'''

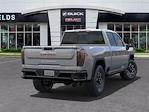 New 2025 GMC Sierra 2500 AT4X Crew Cab 4WD Pickup for sale #G25340 - photo 2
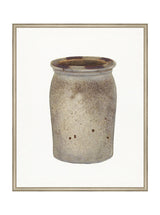 Thumbnail for picture #23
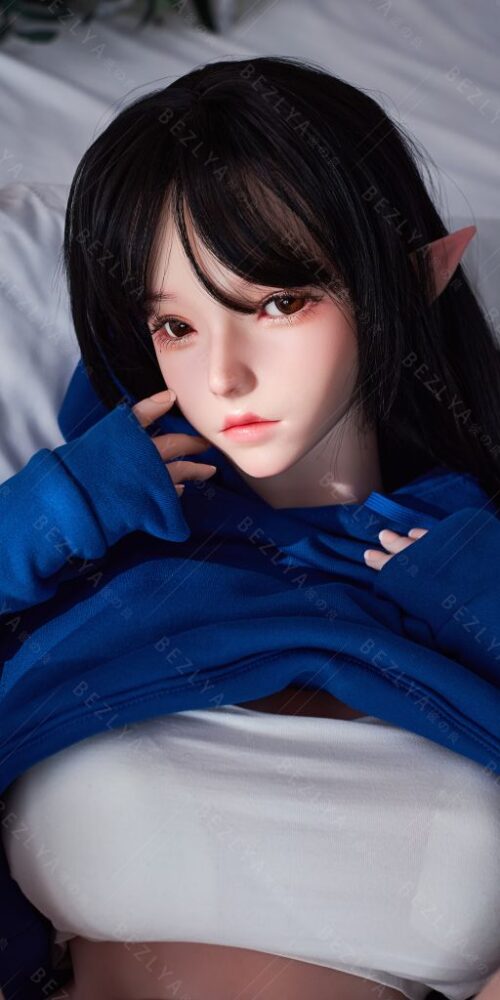 cairen 20 155m calla hybrid 0357 bezlya 48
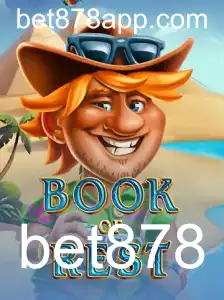 Descubra o Fascinante Universo do Jogo BookofRest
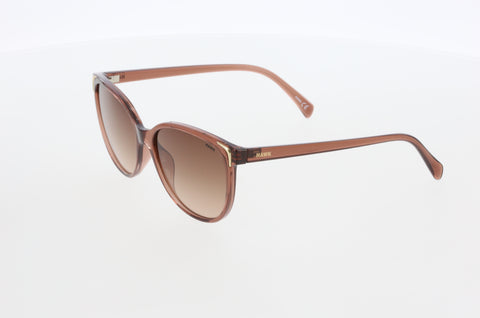 Hawk 2155 03 Women's Sunglasses
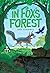 In Fox's Forest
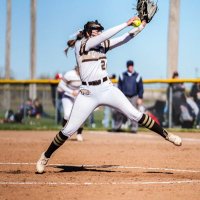 abby lay (@abbylay24) 's Twitter Profile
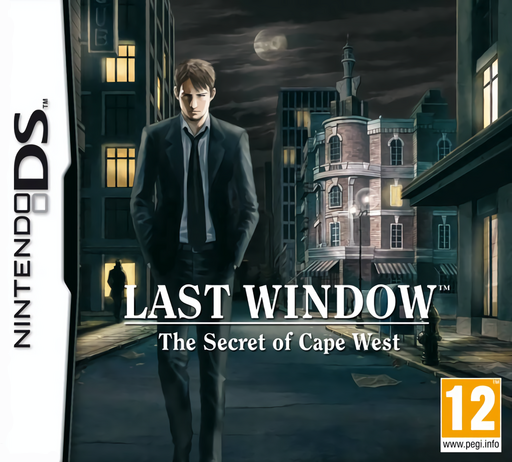 boxart (eu)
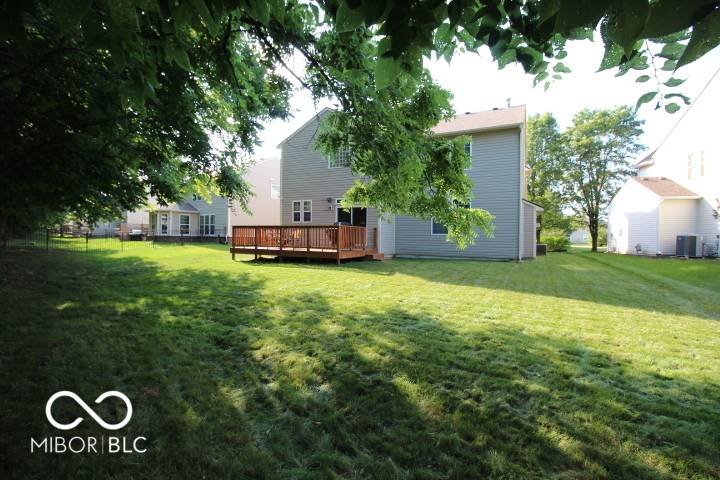 Fishers, IN 46038,11275 Catalina DR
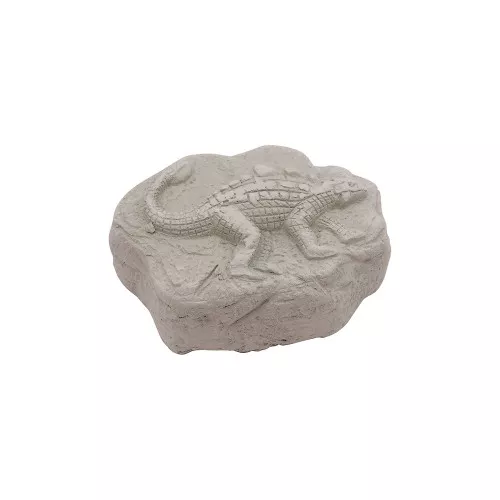 jurassic-explorer-mallette-explorateur (5)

'''

■ Exercise directions ■
All lines above must be repeated exactly, and the pictures must be omitted.

■ Solution below ■
 New 2025 GMC Sierra 2500 AT4X Crew Cab 4WD Pickup for sale #G25340 - photo 2
 Thumbnail for picture #23
 cairen 20 155m calla hybrid 0357 bezlya 48
 Descubra o Fascinante Universo do Jogo BookofRest
 Hawk 2155 03 Women's Sunglasses
 In Fox's Forest
 abby lay (@abbylay24) 's Twitter Profile
 boxart (eu)
 Fishers, IN 46038,11275 Catalina DR
 jurassic-explorer-mallette-explorateur (5)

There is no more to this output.